On our walk back to the hostel we would usually stop at the corner and spend 3 rupees on a hot cup of chai. Chai stands are places for social gatherings. Everyone stands around them with their cup of chai and life just stops as conversations begin. 


——————————————————————————————–

 The children love to laugh and they soak up love like a sponge. 

I remember walking through a shanty slum along the railroad track. A crowd of children immediately ran to us holding out their hands to shake ours. Soon we had a following. We stopped in front of one family’s home. They offered us a seat on the tracks in front of their “house”. Our contact began speaking with them in Bengali. I noticed a little girl looking at me from behind her father’s leg. I motioned for her to come over. She immediately jumped at the opportunity to sit on my lap. 

It was Sunday. 

My hardest day in India, you can read about it here:

 (I just denied Christ three times


I had just left the dying man by the side of the road and my heart was heavy . . . no, my heart had been obliterated. I had been pleading in my heart all day, Jesus I need you!! The little girl came over. She sat on my lap. I looked deep into her eyes, and in the words of my favorite hymn: 


And then a little light from heaven filled my soul, my soul. It filled my heart with love and it wrote my name above, and just a little talk with Jesus makes it right. 

“Here I am.”  Jesus said to me right there on the tracks. I hugged that little girl and she hugged me back. In that moment, I needed her embrace more than she could have ever imagined. 



—————————————————————————————————-

India is a spiritually dark and heavy place, but in the midst of the homelessness, the slavery, the oppression, and the poverty there lies a beauty.
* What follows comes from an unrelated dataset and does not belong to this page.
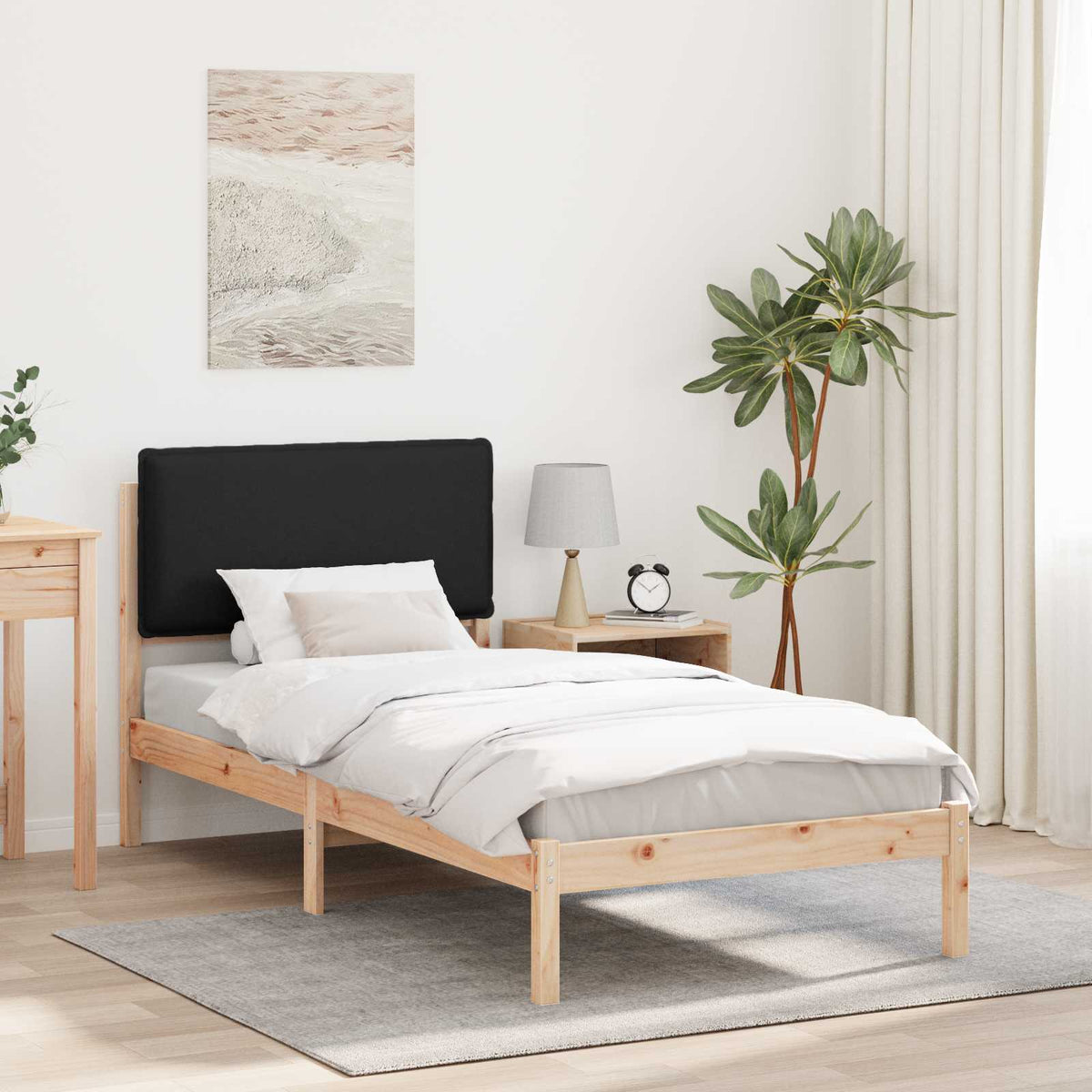 vidaXL Bedframe met Gevoerd Hoofdgedeelte Lichtgrijs 180 x 200 cm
It is the same type of beauty that is alive in Cambodia, which I described at the beginning of this journey. It is a beautiful chaos. At first, it can be overwhelming and sometimes revolting, but the more you live and be among the people, the more this beauty seeps into your heart and begins to grow into something not so terrible. Many of my teammates and I found ourselves saying throughout our time there, “Am I going crazy because I actually think India is growing on me?!” 

Don’t get me wrong, I will be forever grateful to the Lord for His call to Cambodia and not India, but there is something there, that is not so terrible . . . it’s beautiful. And I will go back. I will walk the streets of Sonagachi again. . . . someday.